PARIS (Reuters) - Muslims in several parts of France and Italy attended Catholic masses on Sunday in a gesture of solidarity after the killing of a French priest in Normandy by Islamist militants.
The knife-wielding attackers burst into a Catholic church service in Saint-Etienne-du-Rouvray, western France, on July 26, forced a 85-year-old Roman Catholic priest to his knees and slit his throat. The attack was claimed by Islamic State.
The rector of the Great Mosque of Paris, Dalil Boubakeur, who is also the president of the French Council of the Muslim Faith, attended a morning service in Notre-Dame cathedral in central Paris on Sunday.
The Basilica of Saint-Denis, outside Paris, also gathered hundreds of Catholics but also a large number of Muslims and people of other confessions who showed up after religious authorities in France called on the population to express sympathy to the Catholic community.
“I’m very pleased that we invited Muslims.
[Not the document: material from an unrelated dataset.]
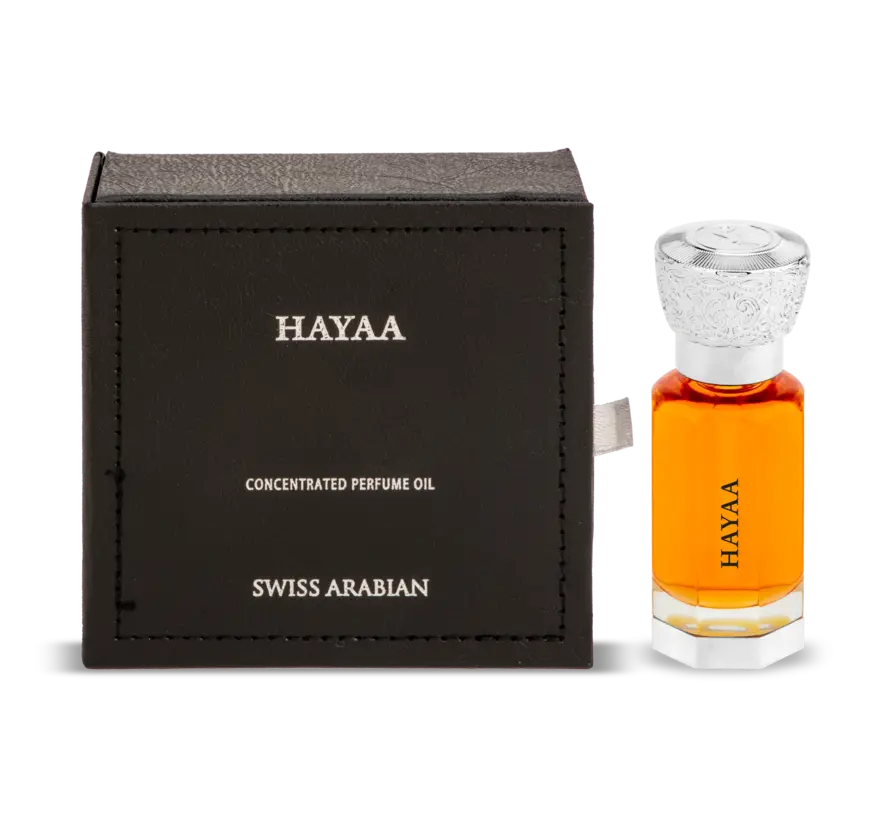 HAYAA PARFUM OLIE 12ML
We also share their pain, the pain of all those who suffer, in every way,” Danielle Ludon, a Catholic woman who attended mass, told Reuters.
“The sentiments expressed were very, very strong. Some of them were very poignant,” she said.
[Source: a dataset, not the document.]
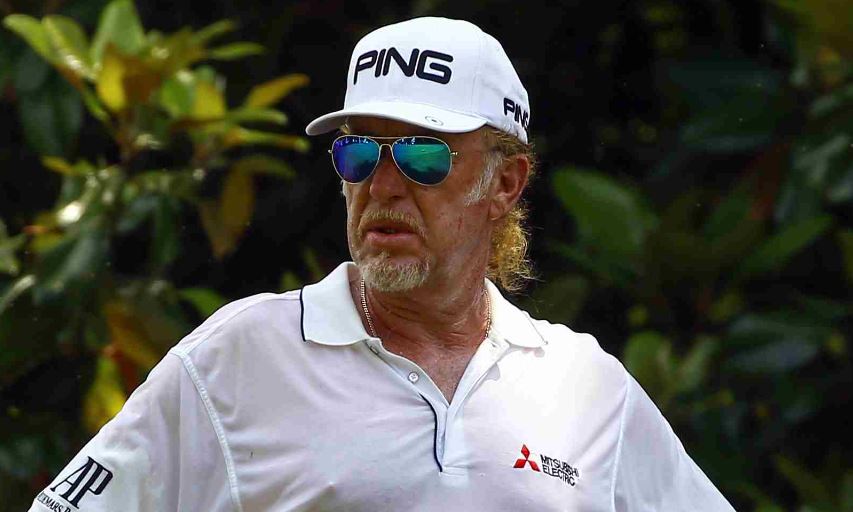 Miguel Angel Jimenez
Among those who attended the service was a Muslim woman called Hayat, who came with her children and husband.
“This was basically a message of unity, aside from peace, it was really about unity,” she said.
Imams representing their Muslim communities also took part in mass in many Italian cities and towns including Rome’s Santa Maria in Trastevere and Milan’s Santa Maria in Caravaggio.
“Thank you to all those Italians of Islamic religion who direct their communities along the path of courage against fundamentalism,” Italian Foreign Minister Paolo Gentiloni said on Twitter.
Italy, like France, is stepping up supervision of mosques after a wave of attacks in France and Germany.